__Work instruction__.
From the listing below, please restate exactly the lines beginning at the one with "betnacional aviator telegram" and ending at the one with "Delphi - mit", both included, and skip the pictures.

__Material to process__.
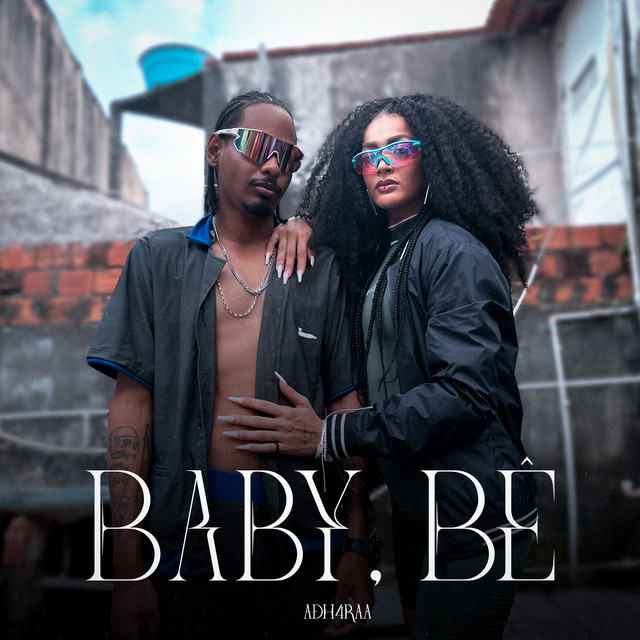 Baby, Bê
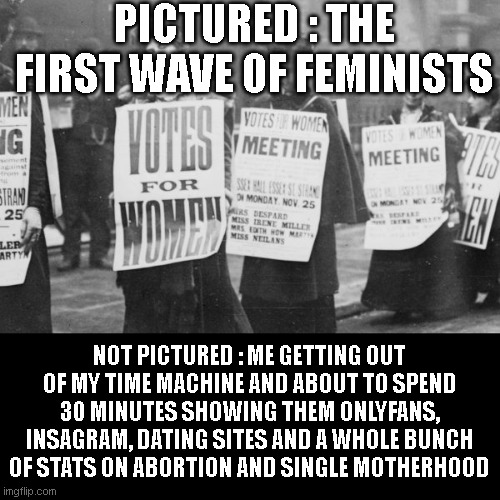PICTURED : THE FIRST WAVE OF FEMINISTS; NOT PICTURED : ME GETTING OUT OF MY TIME MACHINE AND ABOUT TO SPEND 30 MINUTES SHOWING THEM ONLYFANS, INSAGRAM, DATING SITES AND A WHOLE BUNCH OF STATS ON ABORTION AND SINGLE MOTHERHOOD | image tagged in liberals | made w/ Imgflip meme maker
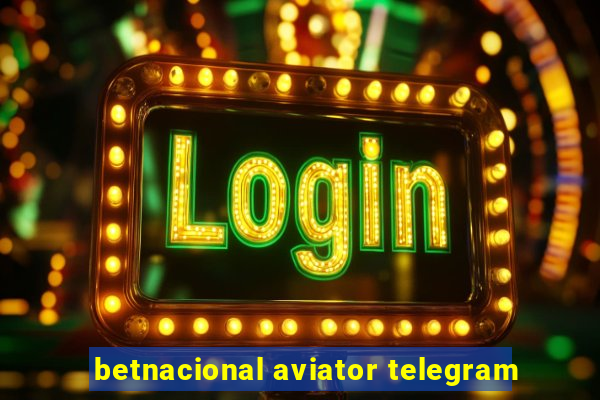 betnacional aviator telegram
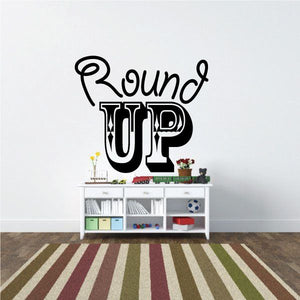 Black “Round Up” wall quote vinyl decal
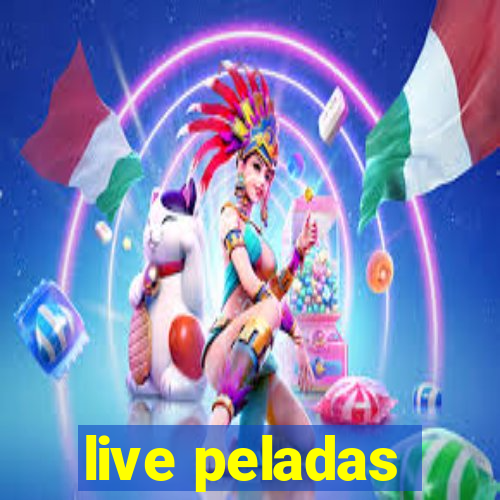 live peladas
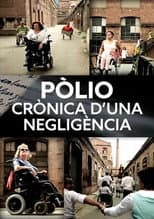 Poster for Polio. A Chronicle of a Negligence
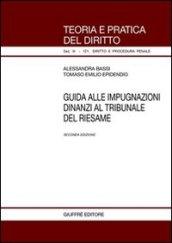 Guida alle impugnazioni dinanzi al tribunale del riesame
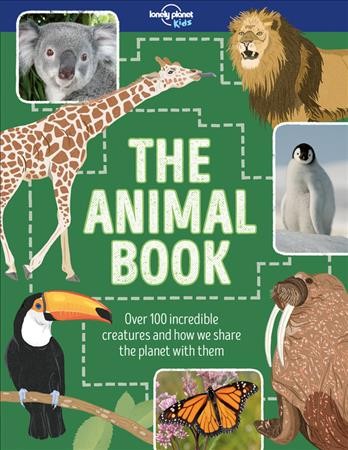 The animal book : over 100 incredible creatures and how we share the planet with them / Ruth Martin ; consultant, Dr. Kim Dennis-Bryan ; illustrated by Dawn Cooper ; designer, Sally Bond.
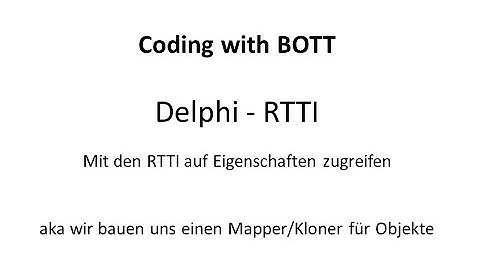 Delphi - mit den RTTI auf Eigenschaften zugreifen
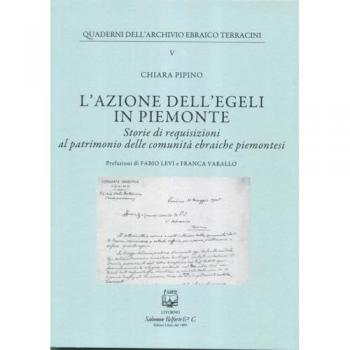 L'azione dell''EGELI in Piemonte. Storie di requisizioni al patrimonio delle comunità ebraiche piemontesi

__Response to the task__.
 betnacional aviator telegram
 Black “Round Up” wall quote vinyl decal
 live peladas
 Poster for Polio. A Chronicle of a Negligence
 Guida alle impugnazioni dinanzi al tribunale del riesame
 The animal book : over 100 incredible creatures and how we share the planet with them / Ruth Martin ; consultant, Dr. Kim Dennis-Bryan ; illustrated by Dawn Cooper ; designer, Sally Bond.
 Delphi - mit den RTTI auf Eigenschaften zugreifen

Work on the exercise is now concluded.